Student records were released to FBI after September 11 attacks

By Marc Larocque

The U.S. Department of Education (DOE) said that it submitted the federal student loan applications of millions of students to the Federal Bureau of Investigation as part of an anti-terrorism investigation which spanned nearly five years since the September 11 attacks.

The USA Patriot Act permits universities to release students’ information without violating the Family Educational Rights and Privacy Act (FERPA), said Glenn Hill, director of Information, Security and Identity Services at Northeastern.

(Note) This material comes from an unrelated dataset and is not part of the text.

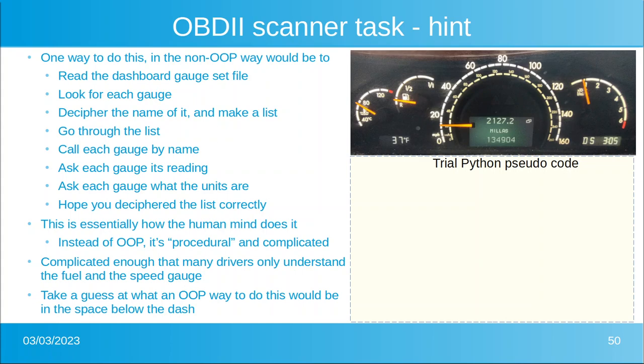Let's take a guess at an object-oriented programming way to do our task: read and display the value of each gauge even though we don't know what the car is, how many gauges it has, or what the gauges say or do. Go ahead and hit pause and try to figure that out.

The data-mining project, called Project Strike Back, was first made public by Laura McGann, a journalism student from Northwestern University. McGann said she found out about the education department project from a brief mention of it in a Government Accountability Office report about data-mining programs at various federal agencies, according to the New York Times on Sept. 1. For her part, McGann will begin a full-time job at the Dow Jones Newswire this month.

She confirmed the existence of the program through a report from the education department’s Inspector General’s office, which created Project Strike Back. She filed a request with the department seeking additional details of the project under the federal Freedom of Information Act in June.

“I think it’s really important that students should understand their privacy rights,” Hill said. “It’s very important for them to understand the FERPA policy and the university policy that supports the FERPA legislation.”

Fewer than 1,000 names were checked in the database over five years, according to Mary Mitchelson, general counsel to the DOE’s inspector general. Project Strike Back was directed through her office.

“I don’t think terrorists are in college or would want to be,” said Nate Kenton, a sophomore chemistry major. “How could someone be our age, trying to learn in college and be interested or have ties to terrorism?”

Under the program, the FBI provided names to the DOE to check in the department’s database of student aid applicants. The repository keeps information on about 14 million students per year who apply for federal aid by completing the Free Application for Federal Student Aid (FAFSA), the standard application form that the federal government, state governments and most colleges use to determine students’ eligibility for financial aid. Included in the database are students’ names, addresses, dates of birth, Social Security numbers and driver’s license numbers.

“This particular project actually involved an intergovernmental transfer of data,” Hill said. “It did not involve a college or university and it didn’t involve anyone at Northeastern to my knowledge. It was an intergovernmental transfer of data. The university’s practices in disclosing data is consistent with FERPA and our published FERPA policy.”

But the DOE is not covered by FERPA, which bars the release of student records that include personally identifiable information without the permission of students or their parents.

News of the secret data-mining effort comes at a time when college officials are divided over a proposal to establish a so-called unit-record system to track individual student’s education progress. Private college leaders, in particular, are worried that not enough safeguards exist to ensure the security of the data.